Remember that when residing in the EU, you often have a contract with an EU subsidiary of that US company (e.g. Facebook users have a contract with Facebook Ireland). If they outsource the processing of your data fully or partly to the US parent company, the transfer is equally illegal.

What is “Privacy Shield”, and what are “Standard Contractual Clauses” or “SCCs”?

Under the GDPR, personal data may not leave the EU. As an exception to this rule, companies can use certain legal tools to permit the transfers. Two of the most common tools companies rely on to transfer your data from the EU to the US are “Standard Contractual Clauses” (or “SCCs”) and the “Privacy Shield”.

The Privacy Shield was invalidated by the Court of Justice, so it does not exist anymore. Data cannot be transferred to the US under the Privacy Shield since 16 July 2020.
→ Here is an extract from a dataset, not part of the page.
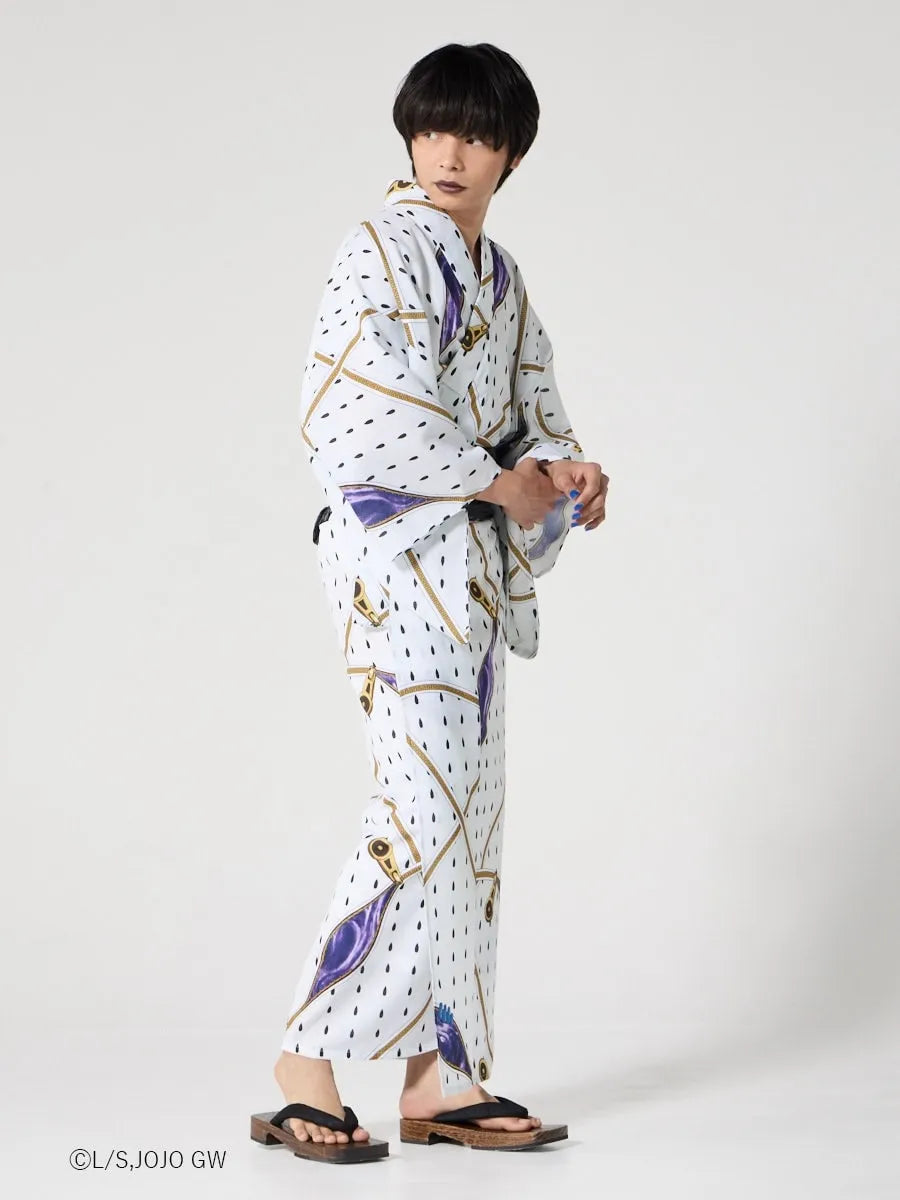JoJo's Bizarre Adventure Golden Wind x Furifu Men's Yukata and Obi Set - Bruno Bucciarati [Release Jun 19 2026]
Almost the same prohibition applies to the use of SCCs: All companies that fall under a US “mass surveillance” law can no longer use the SCCs . This is because the SCCs cannot override US law.
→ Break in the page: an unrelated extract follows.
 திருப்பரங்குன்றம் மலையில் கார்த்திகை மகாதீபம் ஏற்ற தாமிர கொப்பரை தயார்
What does this mean in everyday life?

Below, you can find some examples of common cases that are likely to include the transfer of your personal data to the US.

Cases that are typically affected by the judgment:

If you are a customer of an EU/EEA company that:

  • is an integrated affiliate of a US company (e.g. Google, Apple, Amazon, Microsoft, Facebook, Instagram, Twitter, Yahoo and alike) or
  • relies on storage or other type of processing in the US (many “average” EU businesses).
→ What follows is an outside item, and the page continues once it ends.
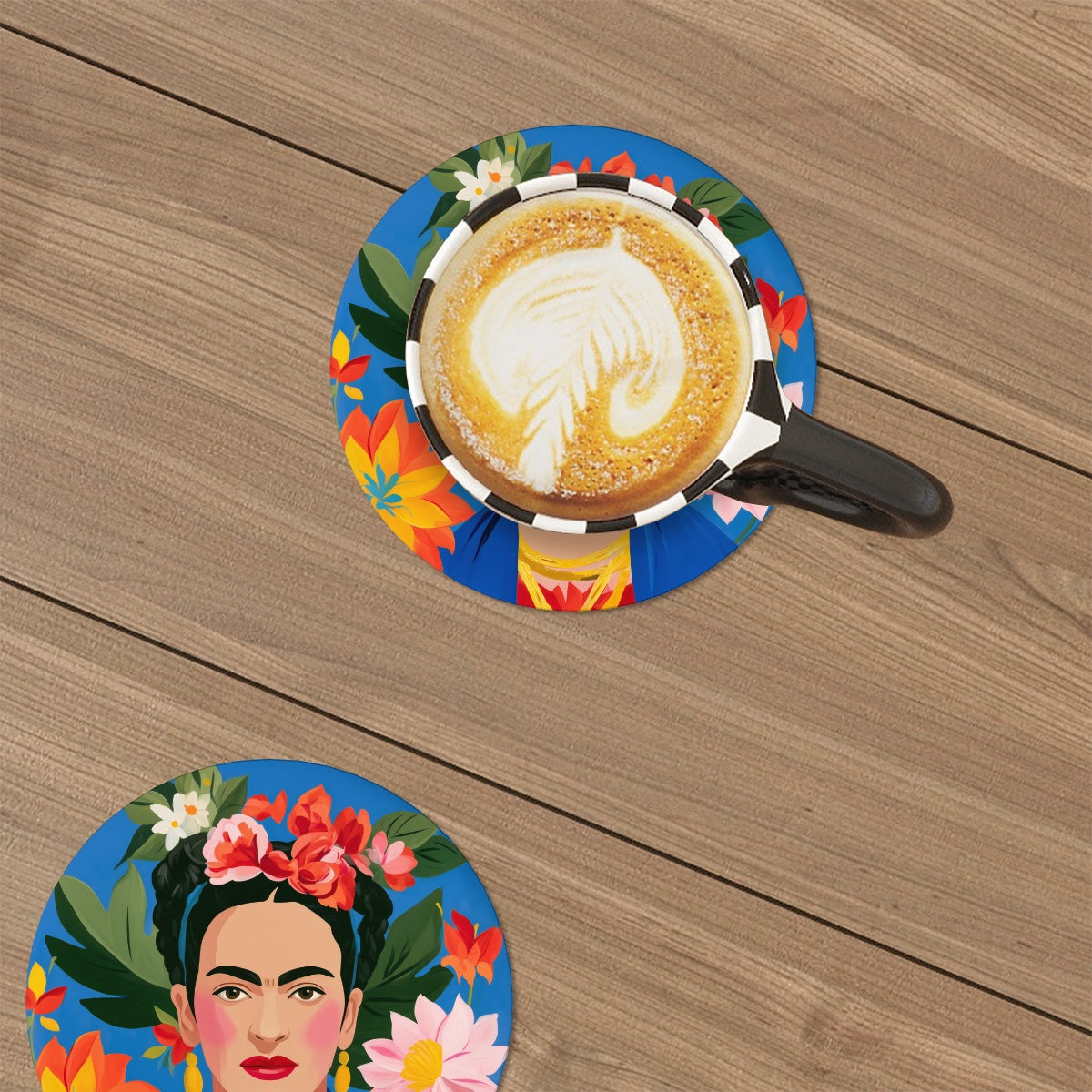 Amor di Stelle® Terra 6er Set Keramik-Untersetzer mit Metallständer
Cases that are typically not affected by the judgment:

Necessary transfers that are still legal, some examples include the following:

  • Booking a hotel or other accommodation directly in the US or through a travel agency in the EU (e.g. a room in San Francisco);
  • Booking a flight to the US;
  • Reservation for a rental car in the US;
  • Ordering goods online from a US-based company;
  • Using online services provided by a US-based company (with no establishment in the EU);
  • Sending an email to the US;
  • Sending your data to your lawyer in the US in the context of a lawsuit;
  • Contacting a Facebook friend that is located in the US;
  • Video calls to the US.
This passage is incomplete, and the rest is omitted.